Forced liquidation of positions by Archegos Capital adds to Viacom, Discovery plunge

The ViacomCBS logo will be displayed on the Nasdaq MarketSite to celebrate the company’s merger, in New York on December 5, 2019.

Brendan McDermid | Reuters

According to a source with direct knowledge of the situation, part of the heavy selling pressure in select US media stocks and Chinese Internet ADRs on Friday was due to the forced liquidation of positions from the multi-billion dollar family office, Archegos Capital Management.

Archegos Capital was founded by former Tiger Management equity analyst Bill Hwang.

Media shares ViacomCBS and Discovery, which have posted massive gains this year, came under unusually heavy selling pressure late this week and at least two of the shares are said to be in question, along with the Chinese internet names Baidu, Tencent, Vipshop and several others.

ViacomCBS and Discovery closed more than 27% Friday, while Viacom gave more than 50% off for a week, while Discovery was down 45%. The companies have been badly shorted due to investor skepticism about their long-term outlook in a busy media landscape.

For the week, Baidu was down more than 18%, Tencent more than 33% and Vipshop more than 31%.
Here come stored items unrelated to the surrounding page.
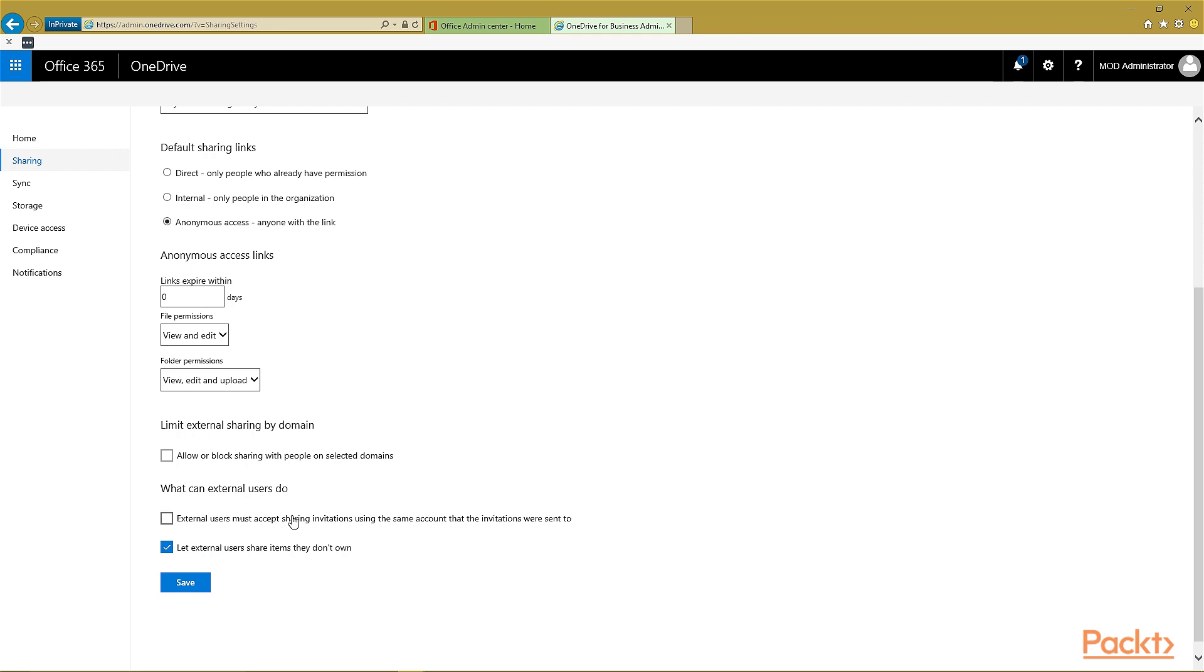Also, limiting the external sharing by domain may be something that you want to do. For example, not allowing sharing to happen with domains that are blocked, or sharing can only happen with domains that are allowed.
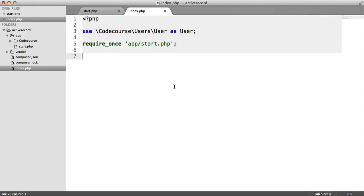In this video, we're going to be using an open source ORM library to access our database, and we're going to be implementing this into an example application. This makes it really easy to access your database, whether you're creating records, updating records, deleting records, or creating relations between different models. So let's jump in with an example of how this might work.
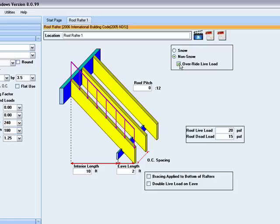There are two additional items to consider in your design. The first is for bracing applied to the bottom of the rafters. This is only applicable when your eave length is relatively large compared to your span length.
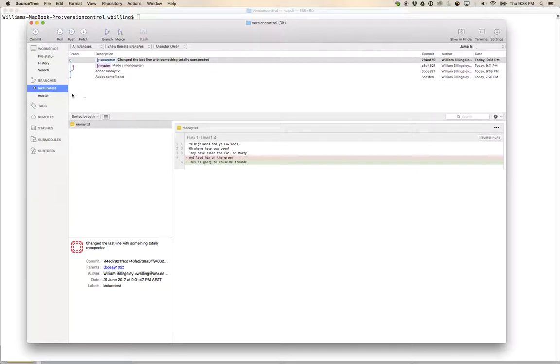Here it says that I've checked out master, and I could go and check out lecture test instead. In which case, now I'm on branch lecture test, and there's master over there.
CNBC contacted Archegos Capital, but calls and emails were not answered. The source said the foreclosures were likely linked to margin calls due to heavily leveraged positions.

CNBC has also learned that Teng Yue Partners, an Asia-focused fund managed by another former Tiger Management analyst, Tao Li, was negatively impacted by withdrawals in several of its major holdings. Although the fund was set to decline in March, it was still positive, according to the source.

CNBC has also contacted Teng Yue.

– CNBC’s Leslie Picker contributed to this report.